The figures were not surprising; more than half of the people interviewed felt that they had not done enough in terms of retirement provision. We know from behavioural finance that people tend to overestimate their retirement provision, so this figure is probably even higher in reality.
An interesting analysis was done around the top three sources people used when making an investment decision, 52% used a financial adviser, 30% used the internet, 26% spoke to friends, family and work colleagues and 25% made decisions based on information in financial newspaper and magazines.
The survey also showed that people who used a financial planner tended to have saved more and had some form of financial plan in place. People who followed DIY strategies tended not to have their finances organised.
So where does the financial media fall into this and what role should it play? I believe the role of a financial article is to inform. If people have information they are able to make better decisions.
A financial article does not tell people on an individual level what to do with their money, and this is a very important point.
For example the media is full of articles on offshore investing at the moment.

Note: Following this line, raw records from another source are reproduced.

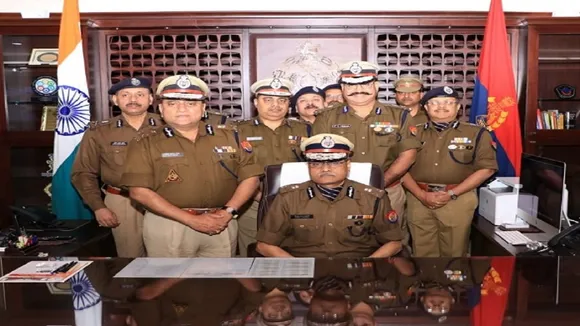 Uttar Pradesh: हितेश चंद्र अवस्थी बने UP के नए DGP, संभाला कार्यभार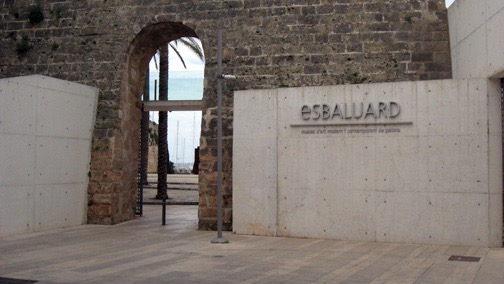 The art museum uses part of the old fortress wall.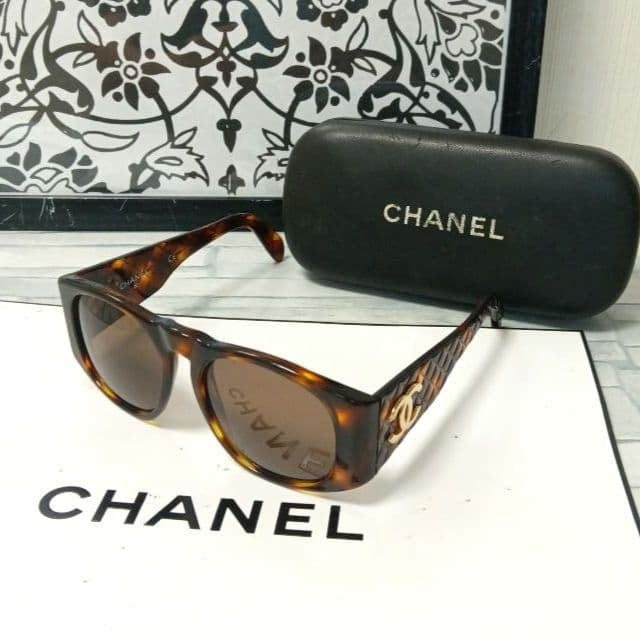 CHANEL Sunglasses Brown Gold-Tone Hardware Wayfarer Style CC Mark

It may be a good time theoretically to invest offshore, but if you require income from your investments or already have offshore exposure then it would be a bad idea for you.
Exchange traded funds may offer a slightly cheaper alternative, but they cannot provide asset allocation.
An older type retirement annuity may be more expensive than a new age one, but it may have better benefits for your needs or there may be significant costs in cashing it in.
As much as I write about topics and answer questions, these are very generic information exercises. They provide ideas and information to allow you to ask the right questions, but it can never take your entire financial situation into account. This is where the role of the financial adviser comes in.
Even if you can invest your money yourself, have you ever sat down and written a proper financial plan? Do you know how much money you need to meet your goals? Do you understand what risk you need to take to meet those goals? There are few people who have achieved this without an adviser, not necessarily because they dont know enough about investing, but because they lack the discipline. They need someone to make them sit down and face their financial future.
Despite having worked in the financial industry and writing on finance every week for various publications, I will be meeting with my financial adviser next week to check my financial plan and make sure I am moving in the right direction. I see my adviser as a financial coach. Ultimately I make my own financial decisions, but without the discipline from the coach those investments may never happen and that would be the biggest financial disaster of all.
In conclusion, good financial advice is worth paying for, the problem is that there are too many product pushers where people are paying for advice they are not getting.
So if you are going to pay for advice, make sure it is good advice. Read the papers and compare products on the internet so you are asking the right questions, but probably leave your family and friends out of the information equation — those conversations usually lead to the worst financial decisions.